Anton Sistermans was born in ‘s-Hertogenbosch, in 1865. He was initially a choir boy, then studied under Julius Stockhausen in Frankfurt. His solo debut was in 1889, in a performance of the Verdi Requiem in Strasbourg.
He performed Beethoven’s Kantate auf den Tod Kaiser Josephs II (cantata in memory of Joseph II) and Ninth Symphony in a concert in Wuppertal on 17 December 1892, which also included Beethoven’s Piano Concerto No. 5 and was conducted by Hans Haym. On 16 March 1896, he premiered the orchestral version of Gustav Mahler’s Lieder eines fahrenden Gesellen in Berlin, with the composer conducting the Berlin Philharmonic. On 9 November of the same year, Sistermans gave the first performance of Johannes Brahms’s Vier ernste Gesänge in Vienna with pianist Coenraad V. Bos. The composer declined Sisterman’s requests to be the pianist at the premiere performance, likely because Brahms could not bear to hear the songs in light of the imminent demise of Clara Schumann, for whom they were closely associated. Whether Brahms attended the premiere at all is a matter of dispute among sources.

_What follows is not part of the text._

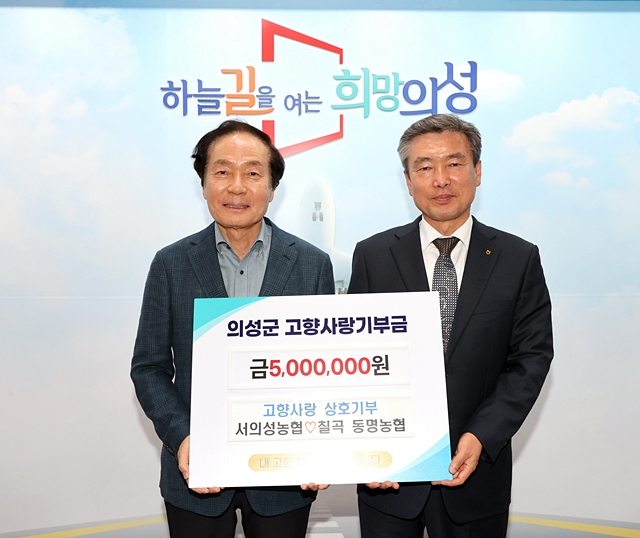 최병천 동명농협 조합장(오른쪽)이 김주수 의성군수(왼쪽)에게 고향사랑기부금 500만 원을 전달하고 있다./사진제공=경북 칠곡동명농업협동조합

Edvard Grieg requested Sistermans, who was then “by some considered the best singer of Lieder”, to sing his Scenes from Olav Trygvason at the Leeds Festival on 16 October 1907.

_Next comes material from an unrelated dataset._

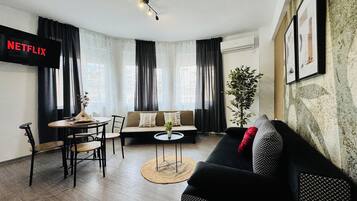 A modern living room with a sofa, a dining table, and a TV mounted on the wall.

Sisterman appeared in operatic performances, but these were fewer in number. His performances included Gurnemanz in Parsifal and Pogner in Die Meistersinger von Nürnberg, at the 1899 Bayreuth Festival; Titurel in Parsifal in Amsterdam in 1919; and Tommaso in Eugen d’Albert’s Tiefland in the Hague in 1923.
He made a few sparse recordings in 1904 and 1906, limited to selected lieder of Brahms. He later taught at the Klindworth-Scharwenka Conservatory in Berlin, the Royal Conservatory of The Hague, and conducted a church choir in Rotterdam.